Fields and cubic extensions
i have a question that i do not know how to solve. I am still a beginner in field theory and i want to answer this :
Does every field $\mathbb{K}$ have a cubic expansion ?
I was thinking about infinite fields and was wondering if they could posses a finite extension but i know that $ \mathbb{C}/ \mathbb{R}$ is an finite extension of degree $2$. But does $ \mathbb{C}$ have a degree $3$ extension ? Since it is algebraically closed i do not know if it is possible to extend it more.
Even more, to extend $ \mathbb{R}$ into $\mathbb{L}$ with this extension being of degree $3$ i have to find an irreducible polynomial $P$ of degree $3$ that cancels for an algebraic element $x \in \mathbb{L}$. Thus $P$ would be the minimal polynomial of $x$ over $\mathbb{R}$ and then $ \mathbb{R}/<P>= \mathbb{L} $ is an extension of degree $3$ over $\mathbb{R}$.
And i know that such a polynomial exists in characteristic $p$. As we showed in class that there exists at least $1$ irreducible monic polynomial fo any degree $r \geq 1$ over any finite fields $\mathbb{F}_p$ for $p$ a prime number. So if this work even in characteristic $0$ then the statement would be true !
Thank you for your time.
Solution 1:
No, $\mathbb{C}$ (or any algebraically closed field) cannot have an extension of finite degree, since any such extension must necessarily be algebraic. This is proved in many places, including on this site.
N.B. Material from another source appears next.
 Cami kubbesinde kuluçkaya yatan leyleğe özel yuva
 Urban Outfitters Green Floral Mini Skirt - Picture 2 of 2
We can use this to see what goes wrong with your example involving $\mathbb{R}$, but we can also see directly: if you like it is a theorem in real analysis---a basic application of the intermediate value theorem---that every odd degree polynomial over the reals has a real root. So there are no degree $3$ irreducible polynomials over $\mathbb{R}$. We can also see this algebraically: if a real polynomial has a complex root $z$ then it must also have the root $\overline{z}$: this means that a real polynomial cannot have an odd number of complex roots, so any hypothetical degree $3$ real polynomial must again have at least one real root. (By "complex roots" here I mean "not purely real", i.e. so that $z \not = \overline{z}$.)